--- START ---

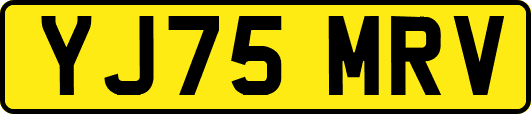 YJ75MRV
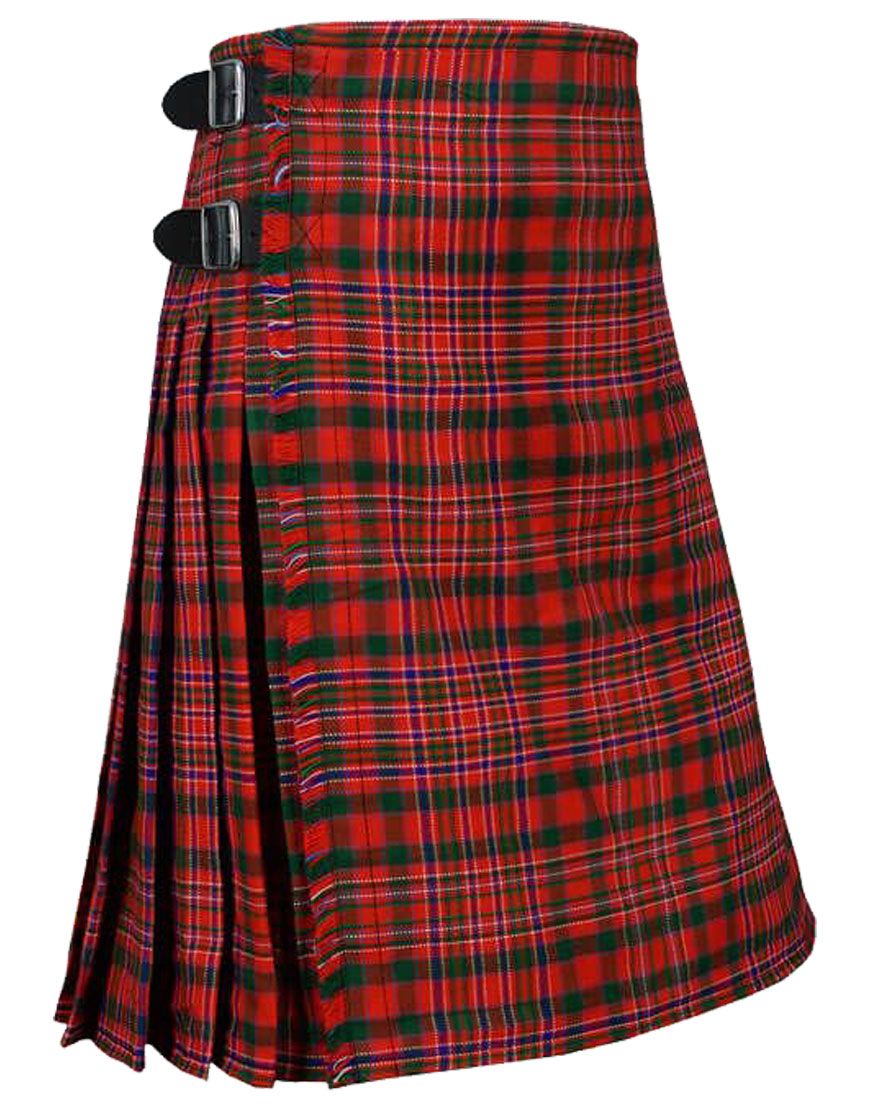 MacAlister Tartan Kilt 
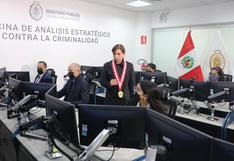Fiscalía de la Nación activa Centro de Monitoreo y Alerta del Ministerio Público para Elecciones 2022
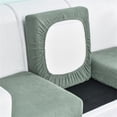 thumbnail image 2 of Dvkptbk Cushion Sofa Seat Cover Tightly Wrapped Protection Fiber Living Room for Home Room Decorations, 2 of 3
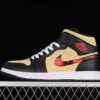 AJ 1 Mid ‘Tartan Swoosh’ DZ5329-001 AJ 1 Mid ‘Tartan Swoosh’ DZ5329-001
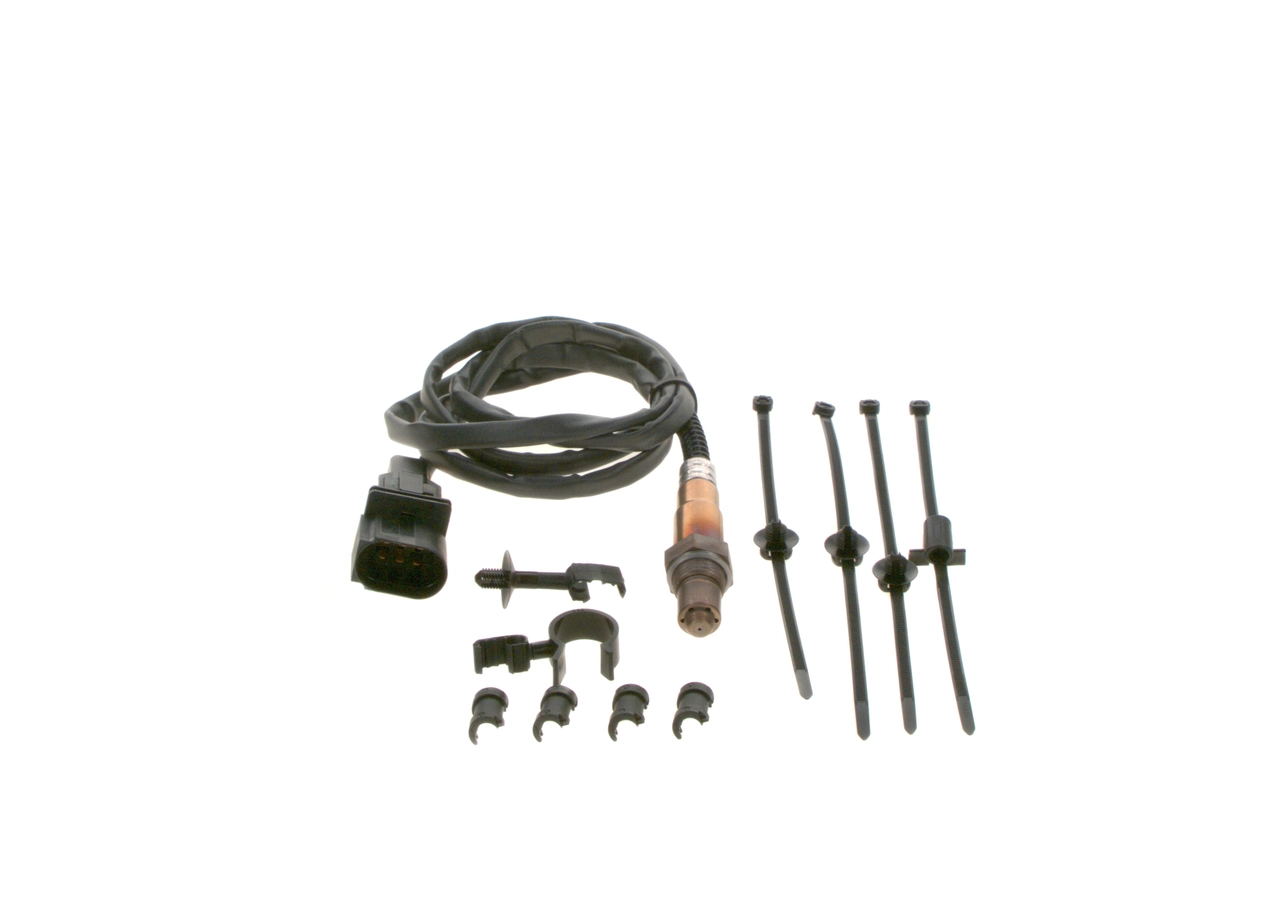 0258007351 Bosch Sonda lambda czujnik tlenu przed katalizatorem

--- END ---

- [AIM OF THE TASK]: The entries are to be written out again exactly, without their pictures.

- [EXPECTED ANSWER]:
 YJ75MRV
 MacAlister Tartan Kilt 
Fiscalía de la Nación activa Centro de Monitoreo y Alerta del Ministerio Público para Elecciones 2022
 thumbnail image 2 of Dvkptbk Cushion Sofa Seat Cover Tightly Wrapped Protection Fiber Living Room for Home Room Decorations, 2 of 3
 AJ 1 Mid ‘Tartan Swoosh’ DZ5329-001 AJ 1 Mid ‘Tartan Swoosh’ DZ5329-001
 0258007351 Bosch Sonda lambda czujnik tlenu przed katalizatorem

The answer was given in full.